━━━━━ INPUT MATERIAL
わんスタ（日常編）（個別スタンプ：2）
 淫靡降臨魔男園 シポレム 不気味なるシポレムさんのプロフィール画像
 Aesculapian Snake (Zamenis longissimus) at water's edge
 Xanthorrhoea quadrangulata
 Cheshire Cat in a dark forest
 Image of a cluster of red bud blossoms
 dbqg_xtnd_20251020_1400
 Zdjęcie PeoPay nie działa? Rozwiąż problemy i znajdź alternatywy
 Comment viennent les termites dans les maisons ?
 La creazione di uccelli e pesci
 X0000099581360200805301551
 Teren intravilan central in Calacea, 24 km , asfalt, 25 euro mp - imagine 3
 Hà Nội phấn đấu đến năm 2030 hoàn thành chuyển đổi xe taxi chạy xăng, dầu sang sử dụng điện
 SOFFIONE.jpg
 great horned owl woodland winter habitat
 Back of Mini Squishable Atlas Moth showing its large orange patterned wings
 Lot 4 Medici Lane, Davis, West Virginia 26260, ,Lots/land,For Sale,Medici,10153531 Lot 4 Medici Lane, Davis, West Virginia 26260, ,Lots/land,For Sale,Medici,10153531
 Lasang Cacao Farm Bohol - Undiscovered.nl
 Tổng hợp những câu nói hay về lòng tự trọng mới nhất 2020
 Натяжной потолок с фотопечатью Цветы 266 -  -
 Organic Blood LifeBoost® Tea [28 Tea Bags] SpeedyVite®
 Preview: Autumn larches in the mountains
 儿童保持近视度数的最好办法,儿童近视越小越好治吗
━━━━━━━━━━
● **AIM OF THE TASK**:
Repeat the whole of the data verbatim, as it reads above.

● **RESPONSE AREA**:
わんスタ（日常編）（個別スタンプ：2）
 淫靡降臨魔男園 シポレム 不気味なるシポレムさんのプロフィール画像
 Aesculapian Snake (Zamenis longissimus) at water's edge
 Xanthorrhoea quadrangulata
 Cheshire Cat in a dark forest
 Image of a cluster of red bud blossoms
 dbqg_xtnd_20251020_1400
 Zdjęcie PeoPay nie działa? Rozwiąż problemy i znajdź alternatywy
 Comment viennent les termites dans les maisons ?
 La creazione di uccelli e pesci
 X0000099581360200805301551
 Teren intravilan central in Calacea, 24 km , asfalt, 25 euro mp - imagine 3
 Hà Nội phấn đấu đến năm 2030 hoàn thành chuyển đổi xe taxi chạy xăng, dầu sang sử dụng điện
 SOFFIONE.jpg
 great horned owl woodland winter habitat
 Back of Mini Squishable Atlas Moth showing its large orange patterned wings
 Lot 4 Medici Lane, Davis, West Virginia 26260, ,Lots/land,For Sale,Medici,10153531 Lot 4 Medici Lane, Davis, West Virginia 26260, ,Lots/land,For Sale,Medici,10153531
 Lasang Cacao Farm Bohol - Undiscovered.nl
 Tổng hợp những câu nói hay về lòng tự trọng mới nhất 2020
 Натяжной потолок с фотопечатью Цветы 266 -  -
 Organic Blood LifeBoost® Tea [28 Tea Bags] SpeedyVite®
 Preview: Autumn larches in the mountains
 儿童保持近视度数的最好办法,儿童近视越小越好治吗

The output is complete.